-------- GIVEN INFORMATION
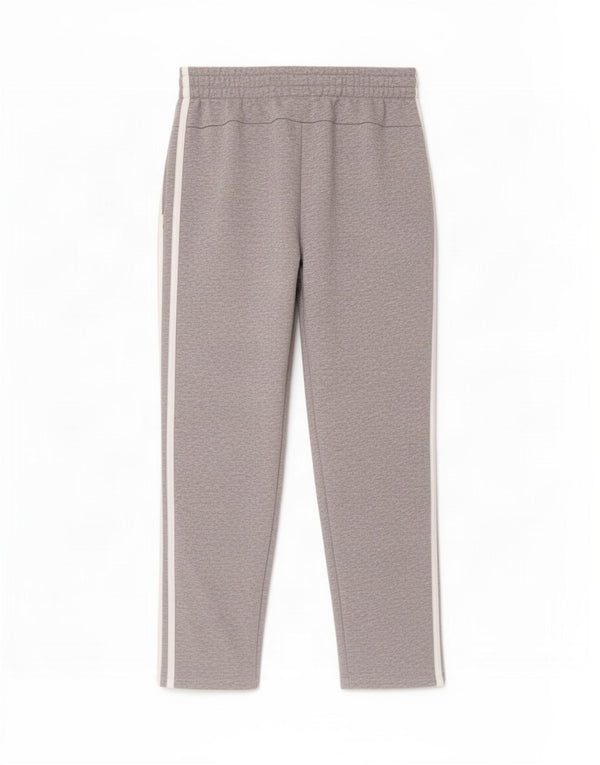 Damskie spodnie dresowe Adidas Crop UK 12/14 Średnioszare, bawełniane nakrapiane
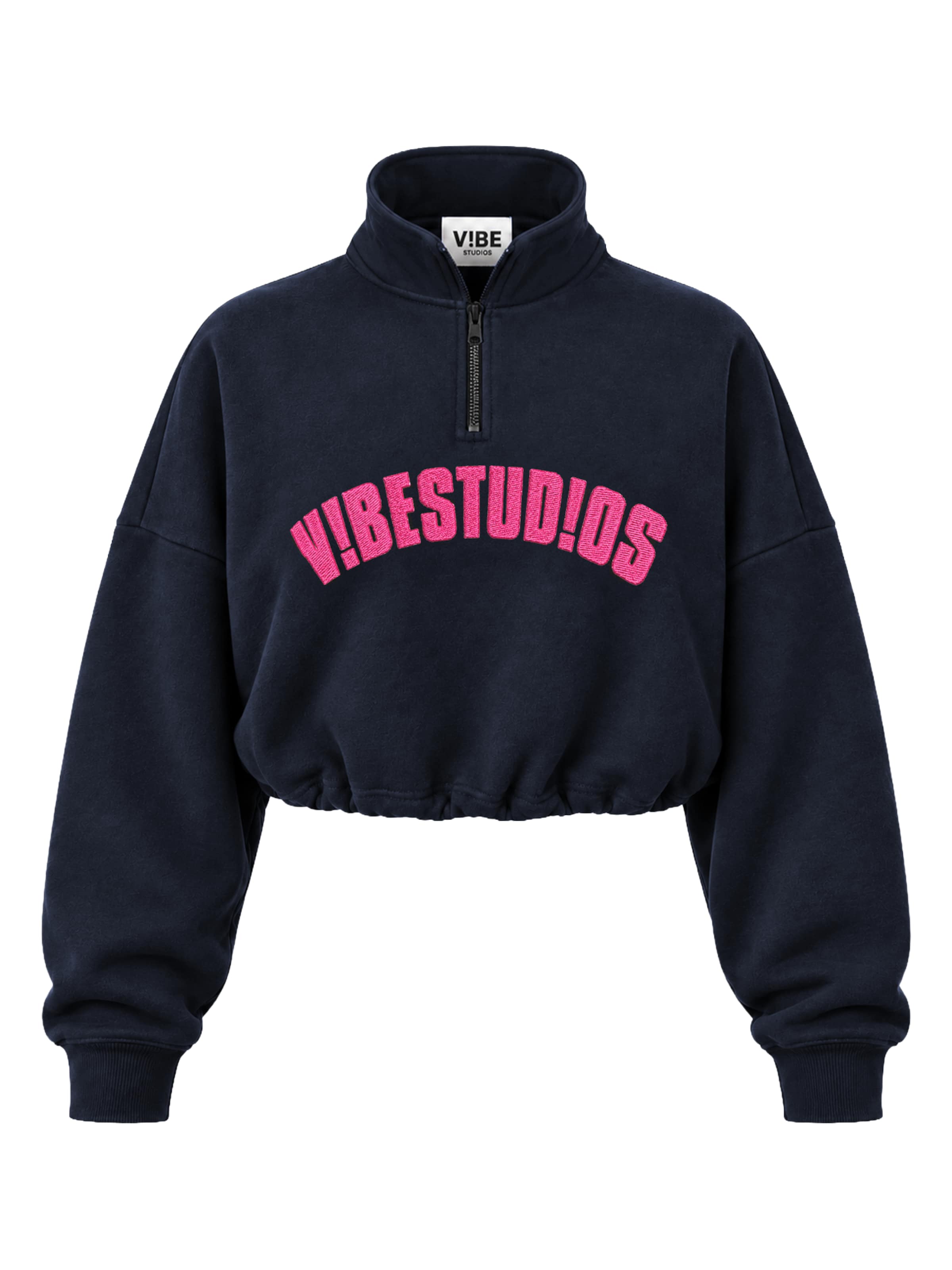 V!BE STUD!OS Mikina – černá: přední strana
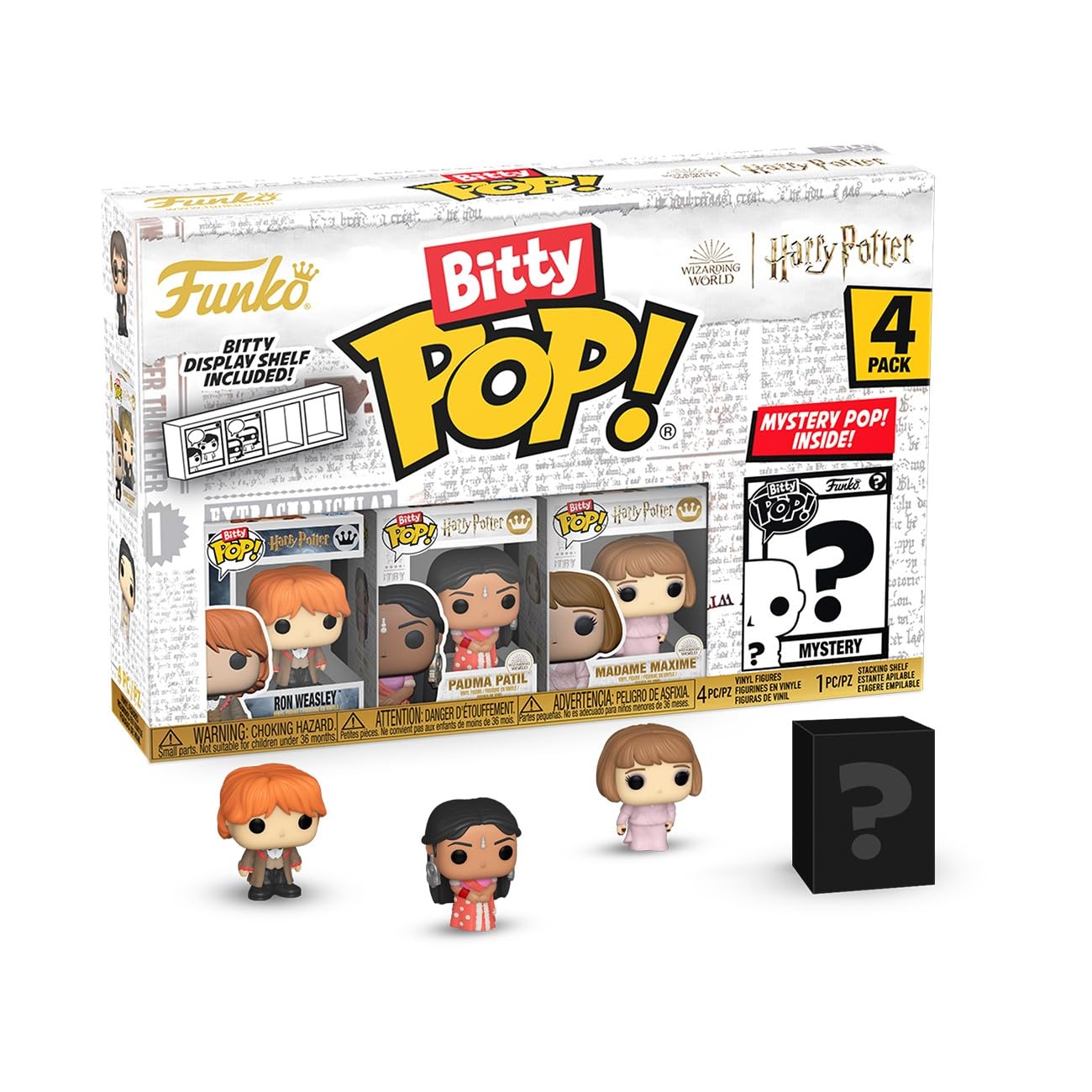 Funko Bitty Pop! Harry Potter - Ron Weasley 4-Pack with Mystery Mini Figure 9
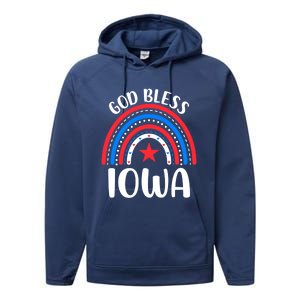 Iowa Gift I Love Iowa Usa Great Gift Performance Fleece Hoodie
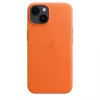 Funda de piel APPLE con MagSafe iPhone 14 naranja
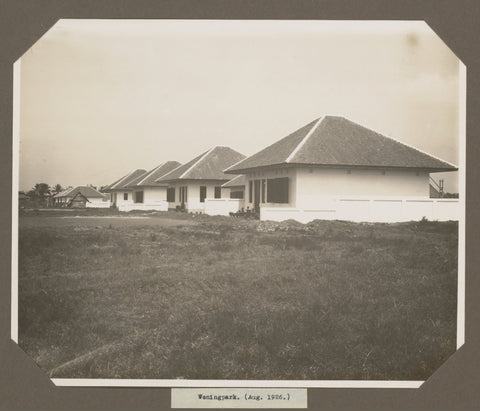 Woningpark. (Aug. 1926.), anonymous, 1926 Canvas Print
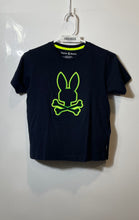 Load image into Gallery viewer, Psycho Bunny Boys Black Green Cotton Short Sleeve Crew Neck T-Shirt Size 10-12/M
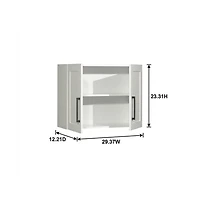 Starlight Canyon Home White Storage Cabinet With Soft Finish And Coastal Chic Style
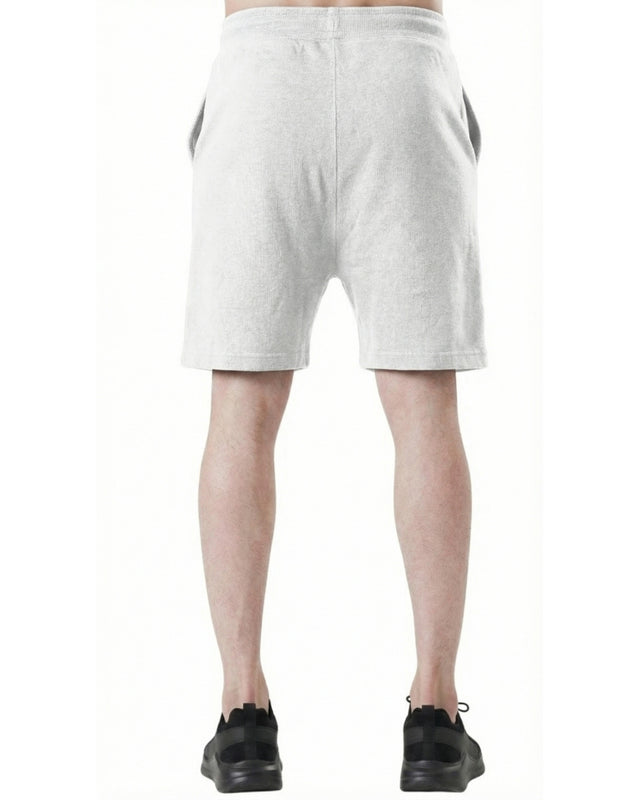 ESSENTIAL LOUNGE TERRY SHORTS WHITE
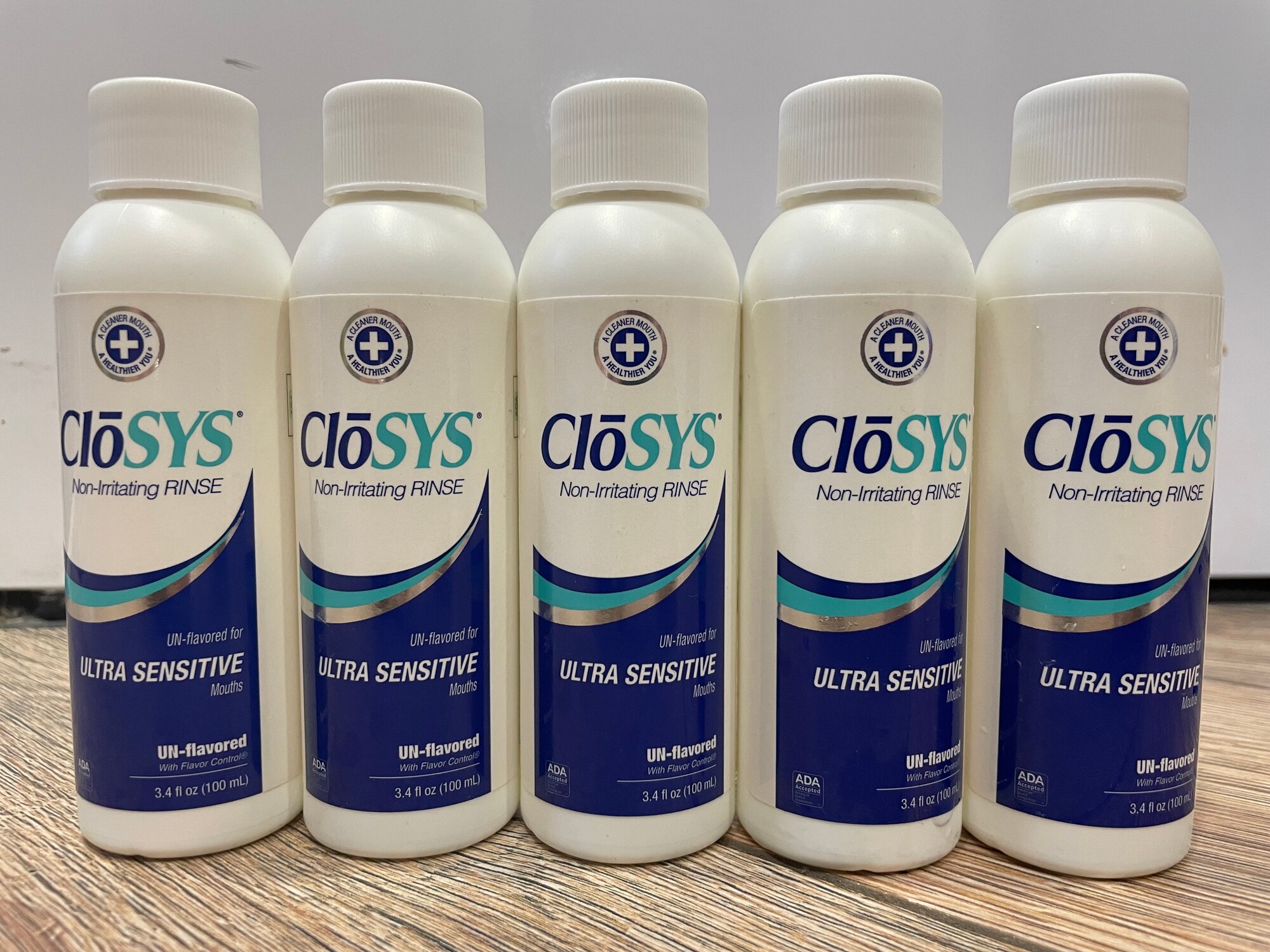 Набор 5 шт. CLOSYS Ultra Sensitive. Ополаскиватель для полости рта. Оригинал. США. 100 мл.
----------------
WHAT TO WORK ON :: The copy should hold exactly the lines above from the one with "Funda de piel" through the one with "Load image into", both ends counted, and no pictures at all.

ANSWER FOR THE TASK ::
 Funda de piel APPLE con MagSafe iPhone 14 naranja
 Woningpark. (Aug. 1926.), anonymous, 1926 Canvas Print
 Load image into Gallery viewer, Psycho Bunny Boys Black Green Cotton Short Sleeve Crew Neck T-Shirt Size 10-12/M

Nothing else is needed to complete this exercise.